● Task item
Among the lines below, keep only those from the one containing "Alt view image" through the one containing "6PCS Padlock Pad", and reproduce them exactly.

● Listed records
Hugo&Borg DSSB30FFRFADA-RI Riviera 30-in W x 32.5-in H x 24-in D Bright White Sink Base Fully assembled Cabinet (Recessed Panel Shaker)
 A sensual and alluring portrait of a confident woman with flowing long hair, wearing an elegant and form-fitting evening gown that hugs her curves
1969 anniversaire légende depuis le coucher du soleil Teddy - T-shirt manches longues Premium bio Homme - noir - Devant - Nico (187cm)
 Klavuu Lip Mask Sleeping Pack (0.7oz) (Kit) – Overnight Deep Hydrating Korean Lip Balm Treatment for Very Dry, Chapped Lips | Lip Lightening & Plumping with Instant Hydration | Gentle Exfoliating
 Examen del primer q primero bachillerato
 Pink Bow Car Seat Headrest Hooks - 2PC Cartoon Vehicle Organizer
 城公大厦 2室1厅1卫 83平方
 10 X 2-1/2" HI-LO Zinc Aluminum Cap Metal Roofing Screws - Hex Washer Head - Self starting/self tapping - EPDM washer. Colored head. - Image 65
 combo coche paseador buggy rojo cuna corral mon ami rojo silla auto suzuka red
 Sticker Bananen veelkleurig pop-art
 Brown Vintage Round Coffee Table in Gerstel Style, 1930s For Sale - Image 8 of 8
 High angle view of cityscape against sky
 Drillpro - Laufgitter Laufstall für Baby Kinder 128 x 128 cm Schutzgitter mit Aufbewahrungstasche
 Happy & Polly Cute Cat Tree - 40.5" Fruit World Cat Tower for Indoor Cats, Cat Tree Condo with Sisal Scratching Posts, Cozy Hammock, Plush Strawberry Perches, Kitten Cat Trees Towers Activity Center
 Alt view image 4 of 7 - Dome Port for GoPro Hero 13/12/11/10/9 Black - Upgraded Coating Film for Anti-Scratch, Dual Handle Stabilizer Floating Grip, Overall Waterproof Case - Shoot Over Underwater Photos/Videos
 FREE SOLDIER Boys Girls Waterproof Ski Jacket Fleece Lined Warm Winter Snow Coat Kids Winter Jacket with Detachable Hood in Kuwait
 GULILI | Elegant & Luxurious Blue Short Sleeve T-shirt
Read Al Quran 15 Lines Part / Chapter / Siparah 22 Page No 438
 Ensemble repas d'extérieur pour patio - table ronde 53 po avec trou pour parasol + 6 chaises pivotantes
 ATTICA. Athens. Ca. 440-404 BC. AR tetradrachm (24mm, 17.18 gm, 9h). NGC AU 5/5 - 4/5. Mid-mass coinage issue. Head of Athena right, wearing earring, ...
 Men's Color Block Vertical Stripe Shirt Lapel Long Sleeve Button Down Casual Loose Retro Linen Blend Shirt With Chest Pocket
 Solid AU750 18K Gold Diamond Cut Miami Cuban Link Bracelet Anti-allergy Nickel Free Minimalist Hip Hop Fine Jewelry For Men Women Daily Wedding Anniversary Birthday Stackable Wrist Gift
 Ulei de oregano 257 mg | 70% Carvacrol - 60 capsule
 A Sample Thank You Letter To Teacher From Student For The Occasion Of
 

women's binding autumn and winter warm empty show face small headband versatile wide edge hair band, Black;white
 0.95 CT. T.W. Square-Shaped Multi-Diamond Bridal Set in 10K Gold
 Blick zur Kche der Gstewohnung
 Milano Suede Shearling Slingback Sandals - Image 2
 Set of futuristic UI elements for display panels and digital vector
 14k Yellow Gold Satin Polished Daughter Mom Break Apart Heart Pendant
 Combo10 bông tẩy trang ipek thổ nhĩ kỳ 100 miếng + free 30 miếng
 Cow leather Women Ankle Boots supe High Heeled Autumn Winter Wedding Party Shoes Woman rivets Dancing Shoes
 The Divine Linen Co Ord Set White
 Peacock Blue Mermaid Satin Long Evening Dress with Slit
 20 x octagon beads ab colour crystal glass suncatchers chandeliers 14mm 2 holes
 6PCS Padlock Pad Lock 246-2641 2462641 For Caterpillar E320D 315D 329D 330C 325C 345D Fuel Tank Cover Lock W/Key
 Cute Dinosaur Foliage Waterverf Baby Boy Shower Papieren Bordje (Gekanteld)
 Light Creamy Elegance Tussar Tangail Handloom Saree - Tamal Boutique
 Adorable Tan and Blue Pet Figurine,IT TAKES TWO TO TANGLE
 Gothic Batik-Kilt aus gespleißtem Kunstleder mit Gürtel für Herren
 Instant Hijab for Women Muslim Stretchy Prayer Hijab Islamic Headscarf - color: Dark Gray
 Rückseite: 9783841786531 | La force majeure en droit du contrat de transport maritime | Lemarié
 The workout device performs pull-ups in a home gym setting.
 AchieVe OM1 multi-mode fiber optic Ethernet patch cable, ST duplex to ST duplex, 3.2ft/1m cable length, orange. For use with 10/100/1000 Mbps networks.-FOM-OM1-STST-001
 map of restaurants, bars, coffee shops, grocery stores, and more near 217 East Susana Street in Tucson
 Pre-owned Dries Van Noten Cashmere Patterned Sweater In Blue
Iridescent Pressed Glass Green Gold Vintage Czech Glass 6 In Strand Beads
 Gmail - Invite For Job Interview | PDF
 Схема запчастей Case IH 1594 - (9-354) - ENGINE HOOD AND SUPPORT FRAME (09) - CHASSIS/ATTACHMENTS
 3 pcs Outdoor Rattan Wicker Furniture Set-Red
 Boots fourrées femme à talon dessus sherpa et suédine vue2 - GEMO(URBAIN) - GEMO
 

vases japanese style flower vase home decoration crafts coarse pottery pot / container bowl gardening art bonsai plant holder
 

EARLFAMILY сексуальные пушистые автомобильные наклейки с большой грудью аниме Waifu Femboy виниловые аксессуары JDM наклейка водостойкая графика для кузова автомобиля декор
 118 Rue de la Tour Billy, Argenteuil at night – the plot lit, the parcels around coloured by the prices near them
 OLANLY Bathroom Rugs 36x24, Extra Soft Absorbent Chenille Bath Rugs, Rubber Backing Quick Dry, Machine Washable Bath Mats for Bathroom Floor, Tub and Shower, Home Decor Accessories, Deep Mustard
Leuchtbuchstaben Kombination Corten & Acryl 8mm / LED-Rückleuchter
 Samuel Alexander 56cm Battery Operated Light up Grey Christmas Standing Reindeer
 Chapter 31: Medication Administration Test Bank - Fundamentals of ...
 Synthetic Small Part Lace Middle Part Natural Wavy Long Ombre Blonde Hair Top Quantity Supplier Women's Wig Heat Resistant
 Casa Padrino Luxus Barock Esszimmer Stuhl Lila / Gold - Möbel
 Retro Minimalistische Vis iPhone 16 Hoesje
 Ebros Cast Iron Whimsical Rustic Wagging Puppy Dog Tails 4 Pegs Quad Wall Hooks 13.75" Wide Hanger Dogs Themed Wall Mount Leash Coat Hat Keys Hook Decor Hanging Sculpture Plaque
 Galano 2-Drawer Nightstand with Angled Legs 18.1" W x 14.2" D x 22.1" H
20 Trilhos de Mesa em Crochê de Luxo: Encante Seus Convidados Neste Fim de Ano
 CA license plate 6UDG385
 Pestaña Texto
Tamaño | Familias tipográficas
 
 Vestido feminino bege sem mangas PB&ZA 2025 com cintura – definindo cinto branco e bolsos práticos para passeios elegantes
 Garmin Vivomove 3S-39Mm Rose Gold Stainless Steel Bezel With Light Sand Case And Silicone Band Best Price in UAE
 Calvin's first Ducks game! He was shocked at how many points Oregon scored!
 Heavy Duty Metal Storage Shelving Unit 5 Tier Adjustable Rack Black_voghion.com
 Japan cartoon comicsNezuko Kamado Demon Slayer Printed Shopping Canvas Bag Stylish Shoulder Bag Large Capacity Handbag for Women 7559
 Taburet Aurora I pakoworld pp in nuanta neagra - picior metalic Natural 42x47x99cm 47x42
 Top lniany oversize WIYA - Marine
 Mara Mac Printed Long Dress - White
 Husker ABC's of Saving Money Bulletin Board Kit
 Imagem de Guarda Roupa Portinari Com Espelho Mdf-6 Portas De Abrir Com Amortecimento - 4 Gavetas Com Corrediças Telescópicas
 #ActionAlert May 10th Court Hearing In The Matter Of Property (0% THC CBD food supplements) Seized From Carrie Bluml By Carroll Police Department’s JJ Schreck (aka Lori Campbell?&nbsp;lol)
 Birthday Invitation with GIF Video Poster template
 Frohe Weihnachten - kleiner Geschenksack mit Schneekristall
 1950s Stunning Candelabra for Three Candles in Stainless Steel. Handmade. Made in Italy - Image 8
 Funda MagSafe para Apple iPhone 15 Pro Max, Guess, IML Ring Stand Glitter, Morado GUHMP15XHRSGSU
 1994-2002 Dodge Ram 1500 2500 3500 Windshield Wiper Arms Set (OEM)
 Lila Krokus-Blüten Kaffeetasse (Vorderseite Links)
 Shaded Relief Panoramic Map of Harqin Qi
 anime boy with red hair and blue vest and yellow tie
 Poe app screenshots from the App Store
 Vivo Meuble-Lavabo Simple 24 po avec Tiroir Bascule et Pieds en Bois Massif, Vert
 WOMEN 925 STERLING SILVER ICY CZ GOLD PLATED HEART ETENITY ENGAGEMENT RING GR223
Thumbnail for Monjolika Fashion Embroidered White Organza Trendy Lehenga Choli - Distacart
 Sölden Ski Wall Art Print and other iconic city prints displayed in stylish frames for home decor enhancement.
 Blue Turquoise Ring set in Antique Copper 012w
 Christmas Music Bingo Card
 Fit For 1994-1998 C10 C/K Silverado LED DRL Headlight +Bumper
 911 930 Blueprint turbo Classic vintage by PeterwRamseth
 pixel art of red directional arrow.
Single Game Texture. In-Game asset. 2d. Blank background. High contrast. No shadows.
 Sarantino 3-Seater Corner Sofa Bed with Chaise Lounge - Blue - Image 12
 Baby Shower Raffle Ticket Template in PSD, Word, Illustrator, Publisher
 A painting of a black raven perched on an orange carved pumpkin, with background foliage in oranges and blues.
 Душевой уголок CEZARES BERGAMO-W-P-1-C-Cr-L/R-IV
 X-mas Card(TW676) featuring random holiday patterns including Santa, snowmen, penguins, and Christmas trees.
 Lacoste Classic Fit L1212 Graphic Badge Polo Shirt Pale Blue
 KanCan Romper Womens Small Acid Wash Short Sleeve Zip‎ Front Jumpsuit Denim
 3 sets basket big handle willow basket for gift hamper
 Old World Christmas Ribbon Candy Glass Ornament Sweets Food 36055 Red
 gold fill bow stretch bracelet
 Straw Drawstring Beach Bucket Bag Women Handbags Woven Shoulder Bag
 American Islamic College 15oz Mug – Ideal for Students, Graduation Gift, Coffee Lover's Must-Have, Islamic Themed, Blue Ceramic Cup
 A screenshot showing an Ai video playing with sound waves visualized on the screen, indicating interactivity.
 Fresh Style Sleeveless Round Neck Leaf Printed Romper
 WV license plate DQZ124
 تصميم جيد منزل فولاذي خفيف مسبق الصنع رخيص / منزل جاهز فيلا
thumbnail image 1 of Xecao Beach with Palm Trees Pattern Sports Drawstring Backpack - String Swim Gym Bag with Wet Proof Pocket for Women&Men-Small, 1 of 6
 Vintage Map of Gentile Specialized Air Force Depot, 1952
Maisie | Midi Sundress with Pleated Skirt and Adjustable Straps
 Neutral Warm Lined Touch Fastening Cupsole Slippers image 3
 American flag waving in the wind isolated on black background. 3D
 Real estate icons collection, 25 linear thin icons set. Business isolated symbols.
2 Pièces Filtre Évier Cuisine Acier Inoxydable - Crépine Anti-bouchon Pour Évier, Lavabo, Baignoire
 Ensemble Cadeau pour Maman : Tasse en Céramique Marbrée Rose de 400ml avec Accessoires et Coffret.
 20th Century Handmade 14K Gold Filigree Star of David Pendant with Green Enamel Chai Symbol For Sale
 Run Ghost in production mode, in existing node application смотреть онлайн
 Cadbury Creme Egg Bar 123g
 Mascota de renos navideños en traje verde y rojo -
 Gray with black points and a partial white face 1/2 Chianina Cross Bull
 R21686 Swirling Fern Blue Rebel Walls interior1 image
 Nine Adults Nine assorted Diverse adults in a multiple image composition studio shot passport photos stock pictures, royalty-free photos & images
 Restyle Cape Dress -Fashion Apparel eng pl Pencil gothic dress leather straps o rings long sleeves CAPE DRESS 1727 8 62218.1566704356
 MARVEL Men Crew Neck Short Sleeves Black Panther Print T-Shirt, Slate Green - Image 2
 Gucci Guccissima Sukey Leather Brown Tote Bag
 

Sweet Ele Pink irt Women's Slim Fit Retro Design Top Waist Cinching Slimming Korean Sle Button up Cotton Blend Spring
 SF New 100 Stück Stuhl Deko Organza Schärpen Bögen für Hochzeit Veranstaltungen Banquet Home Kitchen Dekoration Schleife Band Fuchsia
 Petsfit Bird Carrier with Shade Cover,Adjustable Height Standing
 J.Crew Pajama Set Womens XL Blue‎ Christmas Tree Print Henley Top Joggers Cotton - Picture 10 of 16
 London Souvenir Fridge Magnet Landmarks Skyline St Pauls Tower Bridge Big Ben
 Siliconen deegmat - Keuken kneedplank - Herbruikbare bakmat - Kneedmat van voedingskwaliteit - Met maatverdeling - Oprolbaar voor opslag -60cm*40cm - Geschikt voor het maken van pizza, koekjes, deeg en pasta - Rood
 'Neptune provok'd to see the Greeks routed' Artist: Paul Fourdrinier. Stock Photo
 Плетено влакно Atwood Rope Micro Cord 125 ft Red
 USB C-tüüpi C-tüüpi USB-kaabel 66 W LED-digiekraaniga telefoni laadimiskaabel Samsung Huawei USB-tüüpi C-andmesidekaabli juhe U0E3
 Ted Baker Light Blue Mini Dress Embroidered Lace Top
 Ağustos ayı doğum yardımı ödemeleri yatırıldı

● Completed task
 Alt view image 4 of 7 - Dome Port for GoPro Hero 13/12/11/10/9 Black - Upgraded Coating Film for Anti-Scratch, Dual Handle Stabilizer Floating Grip, Overall Waterproof Case - Shoot Over Underwater Photos/Videos
 FREE SOLDIER Boys Girls Waterproof Ski Jacket Fleece Lined Warm Winter Snow Coat Kids Winter Jacket with Detachable Hood in Kuwait
 GULILI | Elegant & Luxurious Blue Short Sleeve T-shirt
Read Al Quran 15 Lines Part / Chapter / Siparah 22 Page No 438
 Ensemble repas d'extérieur pour patio - table ronde 53 po avec trou pour parasol + 6 chaises pivotantes
 ATTICA. Athens. Ca. 440-404 BC. AR tetradrachm (24mm, 17.18 gm, 9h). NGC AU 5/5 - 4/5. Mid-mass coinage issue. Head of Athena right, wearing earring, ...
 Men's Color Block Vertical Stripe Shirt Lapel Long Sleeve Button Down Casual Loose Retro Linen Blend Shirt With Chest Pocket
 Solid AU750 18K Gold Diamond Cut Miami Cuban Link Bracelet Anti-allergy Nickel Free Minimalist Hip Hop Fine Jewelry For Men Women Daily Wedding Anniversary Birthday Stackable Wrist Gift
 Ulei de oregano 257 mg | 70% Carvacrol - 60 capsule
 A Sample Thank You Letter To Teacher From Student For The Occasion Of
 

women's binding autumn and winter warm empty show face small headband versatile wide edge hair band, Black;white
 0.95 CT. T.W. Square-Shaped Multi-Diamond Bridal Set in 10K Gold
 Blick zur Kche der Gstewohnung
 Milano Suede Shearling Slingback Sandals - Image 2
 Set of futuristic UI elements for display panels and digital vector
 14k Yellow Gold Satin Polished Daughter Mom Break Apart Heart Pendant
 Combo10 bông tẩy trang ipek thổ nhĩ kỳ 100 miếng + free 30 miếng
 Cow leather Women Ankle Boots supe High Heeled Autumn Winter Wedding Party Shoes Woman rivets Dancing Shoes
 The Divine Linen Co Ord Set White
 Peacock Blue Mermaid Satin Long Evening Dress with Slit
 20 x octagon beads ab colour crystal glass suncatchers chandeliers 14mm 2 holes
 6PCS Padlock Pad Lock 246-2641 2462641 For Caterpillar E320D 315D 329D 330C 325C 345D Fuel Tank Cover Lock W/Key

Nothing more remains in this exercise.